Custom Fiberglass International (CFI) has over 34 years experience in custom fiberglass fabrication for industrial and other uses.
In addition to custom fabrication, CFI manufactures catamaran sailboats.
The Story of International Fiberglass
by Jim Vickers
Pondering the plight of artists in a pickle --
a Van Gogh voluntarily crossing the bar after hundreds of paintings produce a single sale;
a Gauguin expiring of syphilis in pagan poverty, his work rejected --
moistens the eyes of all sensitive mortals.
Yet the tragedy of the popularly unrecognized but talented artist is the accepted common fate of the skilled craftsman,
one of whom is Frank Meldau, who exercises his talent at IFG (International Fiberglass)

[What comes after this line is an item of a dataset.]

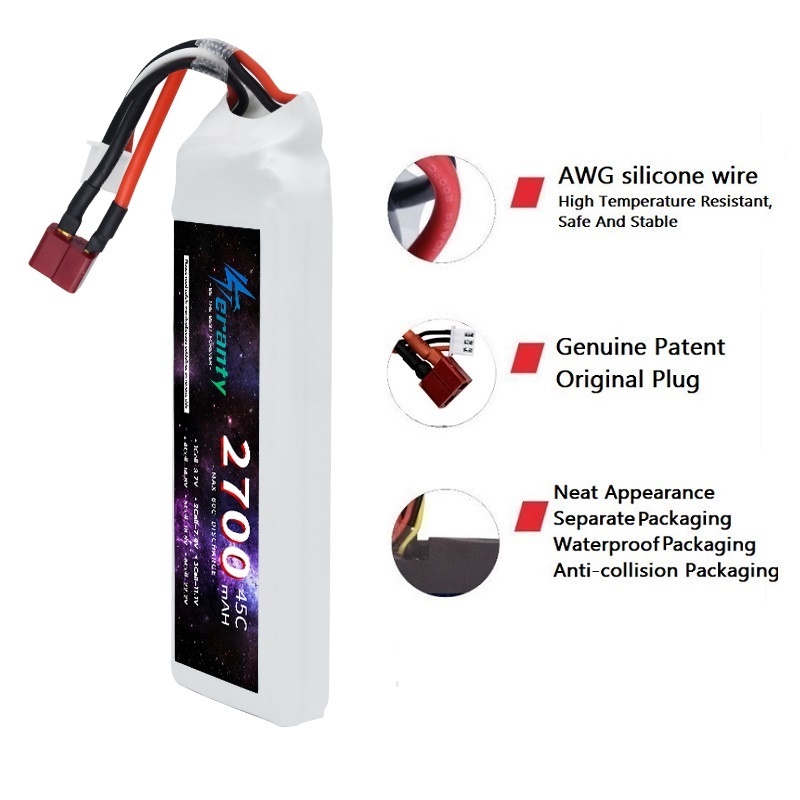 1/3ชิ้น2S 7.4V LiPo แบตเตอรี่2 - Drone Battery Connector บทวิจารณ์และราคา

on South Miami Boulevard between the Research Triangle Park and Durham.
Those in the fiberglass trade, however, know Frank well,
as Carrboro designer Diane Gillis discovered two years ago when she was looking
for someone to embody her plans for the Airport-Playport
in Terminal A at the Raleigh-Durham International Airport and
followed up on references to IFG.
"It was a pretty loose situation," Diane says of the bedroom-size playarea airplane mock-up.
"Frank had to really put a lot into it to make the curved fuselage and wings meet the space
because there was really no way that I could dimension it on a drawing.
It was a very custom job."
Wallace Kuralt, the proprietor of the Intimate Bookshop chain in Chapel Hill, Raleigh, Winston Salem,
and elsewhere, has engaged Frank often to execute his personal designs---oversized books,
computer stands, a copper-toned inside awning for his Charlotte store.
"He's a remarkable craftsman," Wallace asserts.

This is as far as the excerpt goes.